Additionally, we examine DC patterns within the broad range of accessible frequencies taken as a single band (i.e., 0.01–0.25 Hz), as well as within the “conventional” frequency band (i.e., 0.01–0.1 Hz) previously considered by the majority of rs-fMRI studies.

Materials and Methods

Subjects

This study included 25 healthy control (HC) subjects and 25 patients who suffered from recurrent MDD. Participants’ data have also been used in previous studies (Manoliu et al., 2013; Meng et al., 2014; Ries et al., 2018).

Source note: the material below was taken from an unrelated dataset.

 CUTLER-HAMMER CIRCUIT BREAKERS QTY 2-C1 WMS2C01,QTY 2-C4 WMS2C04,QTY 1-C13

One HC subject and one MDD patient had to be excluded due to spatial normalization problems which occurred during correction for physiologic noise and motion, resulting in a total of 24 HC subjects and 24 MDD patients taken into further analysis (see Table 1 for detailed information on demographical and clinical characteristics).

Table 1.

Demographic and clinical characteristics.

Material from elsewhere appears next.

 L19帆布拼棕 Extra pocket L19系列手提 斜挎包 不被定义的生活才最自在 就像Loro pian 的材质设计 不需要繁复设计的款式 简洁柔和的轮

MDD (n = 24) HC (n = 24) MDD vs. HCa,b
Mean (SD) Mean (SD) P-value
Age (years) 48.25 (14.92) 43.63 (14.91) >0.05a
Gender (m/f) 11/13 10/14 >0.05b
Duration of MDD (years) 16.92 (10.38) NA
Number of episodes 5.46 (2.47) NA
Duration of current episode (weeks) 16.38 (6.70) NA
GAF 50.17 (10.60) 99.50 (1.10) <0.001a,∗
HAM-D 21.83 (7.06) 0 <0.001a,∗
BDI 23.58 (5.92) 0 <0.001a, ∗
Open in a new tab

atwo-sample t-test. bχ2-test. significant for p < 0.05, Bonferroni-corrected for multiple comparisons. Abbreviations: MDD, major depressive disorder; HC, healthy controls; SD, standard deviation; GAF, Global Assessment of Functioning Scale; HAM-D, Hamilton Depression Rating Scale; BDI, Beck Depression Inventory.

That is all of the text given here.